§ **Input data**:
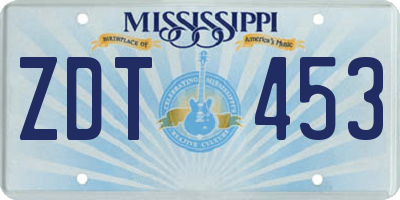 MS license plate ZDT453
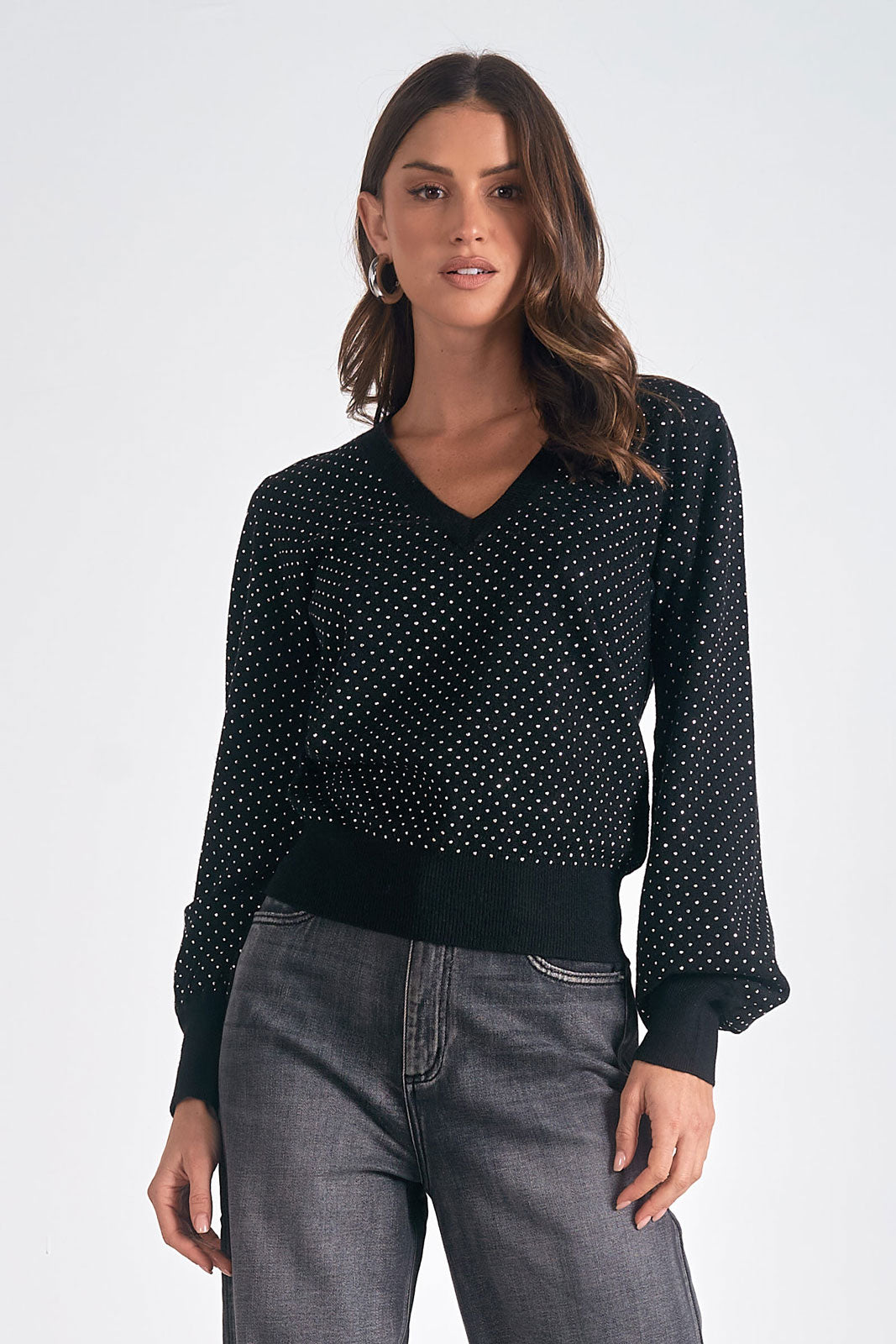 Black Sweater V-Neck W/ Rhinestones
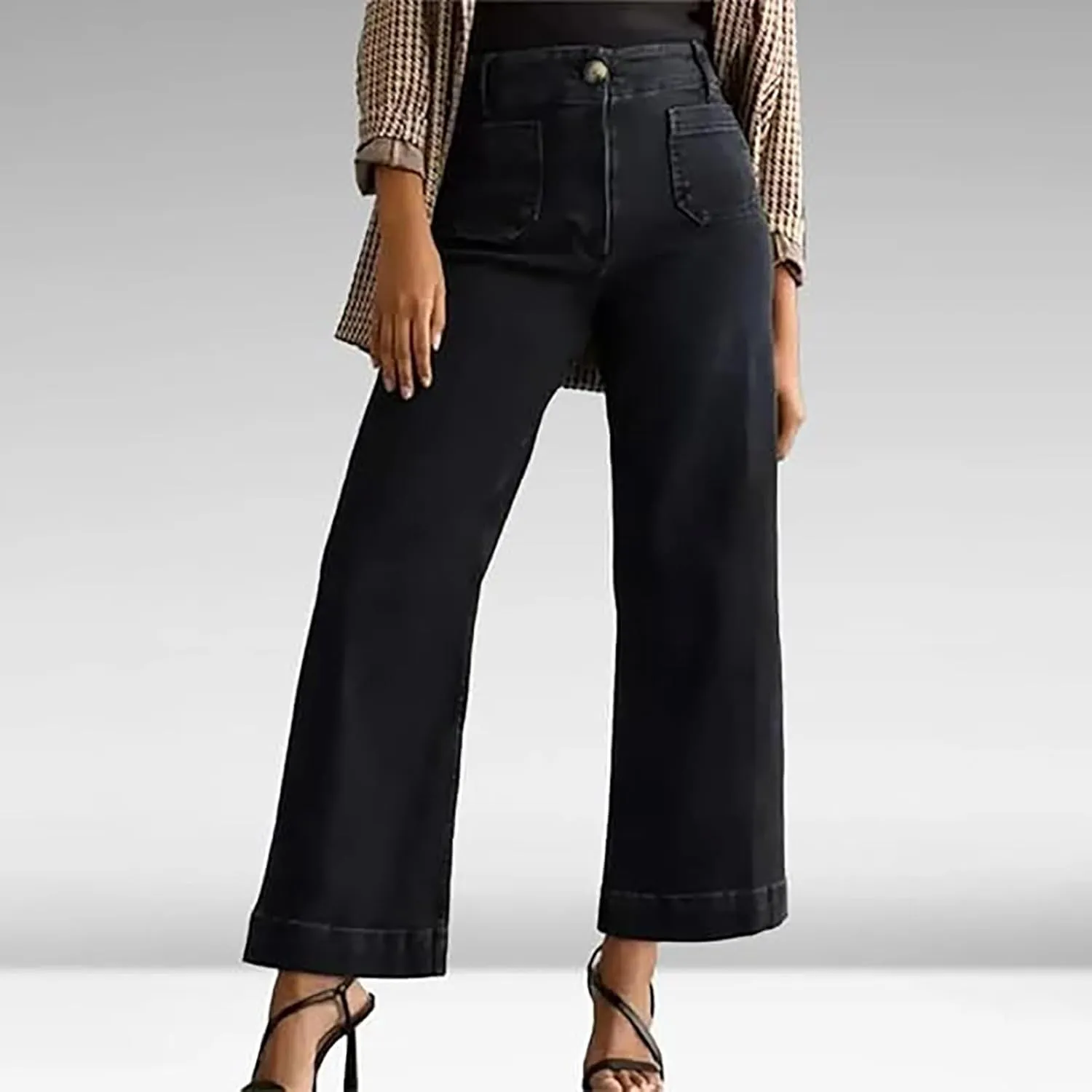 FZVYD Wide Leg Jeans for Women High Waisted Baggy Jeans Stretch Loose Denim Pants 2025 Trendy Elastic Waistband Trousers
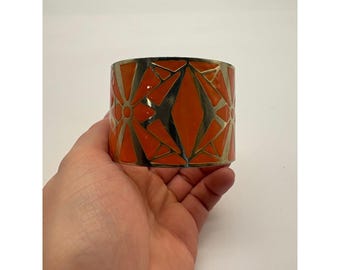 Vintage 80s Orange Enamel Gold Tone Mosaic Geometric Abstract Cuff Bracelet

§ **Directions for this task**: Please output all the data exactly as given, with the pictures omitted.

§ **Response to this task**:
 MS license plate ZDT453
 Black Sweater V-Neck W/ Rhinestones
 FZVYD Wide Leg Jeans for Women High Waisted Baggy Jeans Stretch Loose Denim Pants 2025 Trendy Elastic Waistband Trousers
 Vintage 80s Orange Enamel Gold Tone Mosaic Geometric Abstract Cuff Bracelet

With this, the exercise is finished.